Tuesday 17 July

Despite being awake early we didn’t rush to set off today, as we were intending to only do a few miles and not many locks, and enjoyed a leisurely breakfast.

Trying to keep the inside of the boat clean is a never ending battle, especially with Max who comes back covered in seeds, burrs and sweetheart, but also in this heat the windows and hatches are open to let air in so if someone cycles past on the dry towpath they create dust clouds which settle everywhere.

Eventually we untied and I steered while Storm worked the locks.  We can’t believe how quiet the waterways are at the moment.  Today we came across the first hire boat we’ve seen in two weeks.  It may be a mix of the hot weather, the football, and the fact that schools haven’t broken up yet but we’re seeing very few boats on the move.   (When we’d passed the Wyvern Shipping Company at Leighton Buzzard, on our way into London two weeks ago, we counted over twenty hire boats sitting idle on their moorings – a rare sight.)
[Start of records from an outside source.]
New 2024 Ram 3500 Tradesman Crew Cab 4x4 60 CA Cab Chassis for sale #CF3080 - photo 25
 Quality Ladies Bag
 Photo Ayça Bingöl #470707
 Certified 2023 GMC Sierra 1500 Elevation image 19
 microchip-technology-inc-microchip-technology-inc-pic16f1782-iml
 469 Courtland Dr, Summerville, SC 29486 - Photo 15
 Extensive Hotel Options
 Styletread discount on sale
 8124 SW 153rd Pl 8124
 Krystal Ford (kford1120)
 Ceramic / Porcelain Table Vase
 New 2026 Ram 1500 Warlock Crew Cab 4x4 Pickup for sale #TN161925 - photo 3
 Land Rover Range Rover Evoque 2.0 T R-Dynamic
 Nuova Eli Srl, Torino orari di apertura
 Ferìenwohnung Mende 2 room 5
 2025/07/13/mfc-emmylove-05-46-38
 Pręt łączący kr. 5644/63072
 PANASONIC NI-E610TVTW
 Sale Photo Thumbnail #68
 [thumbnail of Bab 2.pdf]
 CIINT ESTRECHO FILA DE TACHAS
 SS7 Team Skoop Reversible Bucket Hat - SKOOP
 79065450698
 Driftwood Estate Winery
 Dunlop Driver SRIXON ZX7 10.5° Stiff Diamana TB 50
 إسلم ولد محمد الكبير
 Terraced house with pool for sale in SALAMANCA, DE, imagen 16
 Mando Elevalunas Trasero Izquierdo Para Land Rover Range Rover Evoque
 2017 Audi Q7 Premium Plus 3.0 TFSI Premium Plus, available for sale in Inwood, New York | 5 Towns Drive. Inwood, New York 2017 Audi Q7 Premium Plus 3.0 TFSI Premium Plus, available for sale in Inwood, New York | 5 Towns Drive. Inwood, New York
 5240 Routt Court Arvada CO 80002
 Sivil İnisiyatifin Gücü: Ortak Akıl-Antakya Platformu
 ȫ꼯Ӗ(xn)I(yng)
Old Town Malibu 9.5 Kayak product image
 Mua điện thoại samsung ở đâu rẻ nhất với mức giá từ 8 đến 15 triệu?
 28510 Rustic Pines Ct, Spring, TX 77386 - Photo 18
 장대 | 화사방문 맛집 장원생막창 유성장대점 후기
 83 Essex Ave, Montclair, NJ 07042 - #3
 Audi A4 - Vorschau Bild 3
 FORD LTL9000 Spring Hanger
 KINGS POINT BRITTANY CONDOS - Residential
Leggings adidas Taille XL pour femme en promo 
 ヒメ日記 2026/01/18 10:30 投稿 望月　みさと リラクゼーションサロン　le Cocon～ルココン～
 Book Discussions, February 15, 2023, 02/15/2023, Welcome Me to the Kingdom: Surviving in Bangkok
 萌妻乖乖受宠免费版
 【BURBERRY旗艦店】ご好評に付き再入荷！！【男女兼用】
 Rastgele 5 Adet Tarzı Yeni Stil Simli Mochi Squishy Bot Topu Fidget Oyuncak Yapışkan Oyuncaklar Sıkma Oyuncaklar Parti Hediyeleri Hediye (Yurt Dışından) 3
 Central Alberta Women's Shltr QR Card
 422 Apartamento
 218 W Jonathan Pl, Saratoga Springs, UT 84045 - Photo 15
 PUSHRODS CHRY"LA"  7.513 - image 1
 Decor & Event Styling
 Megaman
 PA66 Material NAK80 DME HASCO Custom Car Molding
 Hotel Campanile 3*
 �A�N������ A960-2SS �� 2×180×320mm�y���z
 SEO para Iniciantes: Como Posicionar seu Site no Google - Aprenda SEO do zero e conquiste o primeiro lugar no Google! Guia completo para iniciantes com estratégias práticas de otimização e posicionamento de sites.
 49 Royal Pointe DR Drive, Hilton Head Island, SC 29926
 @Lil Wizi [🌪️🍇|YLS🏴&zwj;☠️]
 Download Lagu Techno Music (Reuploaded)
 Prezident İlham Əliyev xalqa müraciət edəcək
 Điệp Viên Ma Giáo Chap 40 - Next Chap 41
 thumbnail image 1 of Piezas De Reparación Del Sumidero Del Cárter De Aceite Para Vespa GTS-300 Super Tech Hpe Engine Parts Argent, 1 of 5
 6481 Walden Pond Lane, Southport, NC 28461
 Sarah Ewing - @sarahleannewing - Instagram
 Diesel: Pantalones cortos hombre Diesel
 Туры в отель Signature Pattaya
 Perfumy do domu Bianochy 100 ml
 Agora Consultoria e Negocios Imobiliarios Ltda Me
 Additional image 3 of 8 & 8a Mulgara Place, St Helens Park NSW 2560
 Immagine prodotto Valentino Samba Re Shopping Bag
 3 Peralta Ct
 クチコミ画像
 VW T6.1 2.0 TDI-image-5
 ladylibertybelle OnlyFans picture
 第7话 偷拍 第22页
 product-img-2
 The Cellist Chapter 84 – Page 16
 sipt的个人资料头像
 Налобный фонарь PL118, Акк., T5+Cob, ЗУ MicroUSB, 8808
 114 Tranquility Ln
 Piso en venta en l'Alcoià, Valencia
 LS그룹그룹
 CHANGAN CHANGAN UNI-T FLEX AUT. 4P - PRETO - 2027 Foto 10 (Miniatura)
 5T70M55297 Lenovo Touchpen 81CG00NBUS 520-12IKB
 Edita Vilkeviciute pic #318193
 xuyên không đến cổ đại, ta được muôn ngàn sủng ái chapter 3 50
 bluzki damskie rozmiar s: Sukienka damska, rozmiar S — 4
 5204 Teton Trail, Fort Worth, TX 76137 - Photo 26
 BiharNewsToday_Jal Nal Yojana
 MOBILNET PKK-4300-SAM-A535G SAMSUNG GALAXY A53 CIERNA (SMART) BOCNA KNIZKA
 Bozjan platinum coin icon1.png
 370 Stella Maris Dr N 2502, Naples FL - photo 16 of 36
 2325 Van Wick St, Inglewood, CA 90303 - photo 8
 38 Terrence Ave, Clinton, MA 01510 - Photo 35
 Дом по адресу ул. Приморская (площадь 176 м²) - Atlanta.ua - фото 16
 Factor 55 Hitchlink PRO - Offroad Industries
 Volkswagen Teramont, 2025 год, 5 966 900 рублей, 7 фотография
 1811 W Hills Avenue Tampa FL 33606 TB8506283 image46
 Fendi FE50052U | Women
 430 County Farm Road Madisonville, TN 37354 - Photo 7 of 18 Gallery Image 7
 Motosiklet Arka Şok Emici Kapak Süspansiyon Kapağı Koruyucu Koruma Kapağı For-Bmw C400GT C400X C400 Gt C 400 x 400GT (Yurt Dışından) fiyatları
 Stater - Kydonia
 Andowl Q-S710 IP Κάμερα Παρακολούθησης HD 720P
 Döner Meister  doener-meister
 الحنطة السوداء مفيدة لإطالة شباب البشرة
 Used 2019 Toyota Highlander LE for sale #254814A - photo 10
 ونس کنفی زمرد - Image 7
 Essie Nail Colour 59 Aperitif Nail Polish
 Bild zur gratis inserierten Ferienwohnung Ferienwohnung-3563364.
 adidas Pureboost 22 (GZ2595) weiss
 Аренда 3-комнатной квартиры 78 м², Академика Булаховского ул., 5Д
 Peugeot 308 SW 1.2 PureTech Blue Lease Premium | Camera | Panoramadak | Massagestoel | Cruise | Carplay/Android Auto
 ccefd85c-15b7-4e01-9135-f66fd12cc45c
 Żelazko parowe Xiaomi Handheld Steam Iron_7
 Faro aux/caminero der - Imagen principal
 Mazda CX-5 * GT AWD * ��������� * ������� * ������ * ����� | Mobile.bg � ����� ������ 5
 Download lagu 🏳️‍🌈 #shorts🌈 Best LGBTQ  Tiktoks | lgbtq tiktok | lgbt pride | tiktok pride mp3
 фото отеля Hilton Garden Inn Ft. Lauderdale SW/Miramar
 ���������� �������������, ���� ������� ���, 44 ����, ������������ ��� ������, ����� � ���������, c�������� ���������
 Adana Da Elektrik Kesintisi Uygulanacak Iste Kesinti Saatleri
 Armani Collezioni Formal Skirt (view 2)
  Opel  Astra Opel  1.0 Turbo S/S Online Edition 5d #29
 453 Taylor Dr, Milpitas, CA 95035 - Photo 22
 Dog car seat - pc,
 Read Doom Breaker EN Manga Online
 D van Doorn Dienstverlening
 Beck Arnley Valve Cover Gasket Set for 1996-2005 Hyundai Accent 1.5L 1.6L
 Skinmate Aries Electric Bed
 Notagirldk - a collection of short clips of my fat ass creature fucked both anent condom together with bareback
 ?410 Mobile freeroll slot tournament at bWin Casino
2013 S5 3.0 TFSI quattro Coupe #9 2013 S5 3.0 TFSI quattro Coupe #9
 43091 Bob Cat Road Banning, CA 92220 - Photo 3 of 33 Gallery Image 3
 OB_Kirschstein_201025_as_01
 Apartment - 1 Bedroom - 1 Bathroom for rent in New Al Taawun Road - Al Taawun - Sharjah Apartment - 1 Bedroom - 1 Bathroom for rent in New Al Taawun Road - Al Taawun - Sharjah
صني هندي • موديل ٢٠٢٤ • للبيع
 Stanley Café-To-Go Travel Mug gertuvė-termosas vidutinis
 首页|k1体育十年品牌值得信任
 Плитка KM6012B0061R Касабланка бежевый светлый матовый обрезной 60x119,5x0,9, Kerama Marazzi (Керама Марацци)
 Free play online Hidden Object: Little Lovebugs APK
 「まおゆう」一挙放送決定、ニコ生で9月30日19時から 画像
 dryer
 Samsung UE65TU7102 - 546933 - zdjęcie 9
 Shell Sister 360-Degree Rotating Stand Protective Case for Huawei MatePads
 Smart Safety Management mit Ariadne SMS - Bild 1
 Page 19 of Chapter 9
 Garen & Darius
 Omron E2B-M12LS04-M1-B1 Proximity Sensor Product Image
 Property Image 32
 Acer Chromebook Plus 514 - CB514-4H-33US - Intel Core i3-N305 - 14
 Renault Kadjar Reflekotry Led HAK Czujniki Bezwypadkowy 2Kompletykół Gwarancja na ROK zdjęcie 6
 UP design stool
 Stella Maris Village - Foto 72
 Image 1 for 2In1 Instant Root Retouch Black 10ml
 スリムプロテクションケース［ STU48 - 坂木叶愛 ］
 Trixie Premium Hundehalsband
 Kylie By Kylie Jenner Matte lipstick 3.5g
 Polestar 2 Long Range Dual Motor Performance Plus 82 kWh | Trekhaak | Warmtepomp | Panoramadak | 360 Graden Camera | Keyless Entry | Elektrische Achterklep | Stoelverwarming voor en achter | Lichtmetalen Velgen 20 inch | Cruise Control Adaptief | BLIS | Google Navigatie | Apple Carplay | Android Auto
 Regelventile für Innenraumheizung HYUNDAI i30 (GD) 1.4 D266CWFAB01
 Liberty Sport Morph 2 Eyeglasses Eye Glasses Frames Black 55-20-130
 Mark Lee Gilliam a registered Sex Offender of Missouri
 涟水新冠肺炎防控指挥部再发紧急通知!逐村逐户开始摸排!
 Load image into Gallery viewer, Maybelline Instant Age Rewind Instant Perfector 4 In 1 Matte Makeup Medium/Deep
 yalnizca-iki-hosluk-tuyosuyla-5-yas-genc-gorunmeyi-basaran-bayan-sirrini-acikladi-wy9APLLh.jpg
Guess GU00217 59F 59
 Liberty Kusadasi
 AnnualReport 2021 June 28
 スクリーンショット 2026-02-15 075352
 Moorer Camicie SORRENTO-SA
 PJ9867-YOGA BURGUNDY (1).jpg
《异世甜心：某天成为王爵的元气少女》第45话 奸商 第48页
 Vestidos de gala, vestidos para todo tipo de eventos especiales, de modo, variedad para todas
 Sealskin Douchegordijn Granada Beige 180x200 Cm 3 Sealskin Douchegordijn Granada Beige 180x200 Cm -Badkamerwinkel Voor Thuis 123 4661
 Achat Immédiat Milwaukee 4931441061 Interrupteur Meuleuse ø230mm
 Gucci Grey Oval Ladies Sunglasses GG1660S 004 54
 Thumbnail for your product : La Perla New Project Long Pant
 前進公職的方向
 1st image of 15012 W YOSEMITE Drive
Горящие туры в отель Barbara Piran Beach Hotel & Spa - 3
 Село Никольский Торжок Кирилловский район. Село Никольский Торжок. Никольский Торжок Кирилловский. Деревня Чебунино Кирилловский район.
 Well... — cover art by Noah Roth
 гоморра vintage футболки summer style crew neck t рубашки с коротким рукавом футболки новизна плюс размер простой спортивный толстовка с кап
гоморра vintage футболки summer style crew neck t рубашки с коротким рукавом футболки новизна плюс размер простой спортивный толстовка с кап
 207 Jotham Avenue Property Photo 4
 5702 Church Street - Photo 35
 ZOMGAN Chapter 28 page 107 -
Max is in his element helping with the locks.  He anticipates us stopping and is ready at the front of the boat to leap for the shore as soon as he judges it is safe to leap.  He then follows us across the lock, back and forth, making sure he’s on the same side as us, jumping on the lock gate to sit and wait for the water level to be right, and once we’ve finished at the lock, he knows to get back on the boat ready to travel to the next one.   Otherwise he looks to us for instruction in case there might be a chance of a walk between locks for him in which case he runs along with the walker,  sometimes dashing back between the boat and the walker to make sure where we both are.

We pulled in for lunch just below Lady Capel’s Lock and after a two hour stop we carried on to Kings Langley where after 5 miles and 11 locks we stopped for the evening.  This afternoon’s weather was quite cool and a nice change from the searing heat we’ve been having.

Before we ate, we went for a stroll around Kings Langley.  Here we came across our first experience of ‘Yarn Bombing’.  Every road side bollard and length of railing was festooned with knitwear/crochet and the bus shelter was decorated with bunting, a seat cover and hanging baskets.   Apparently the villagers renew these decorations every two months and, from what we can see, they’re busy and having lots of fun.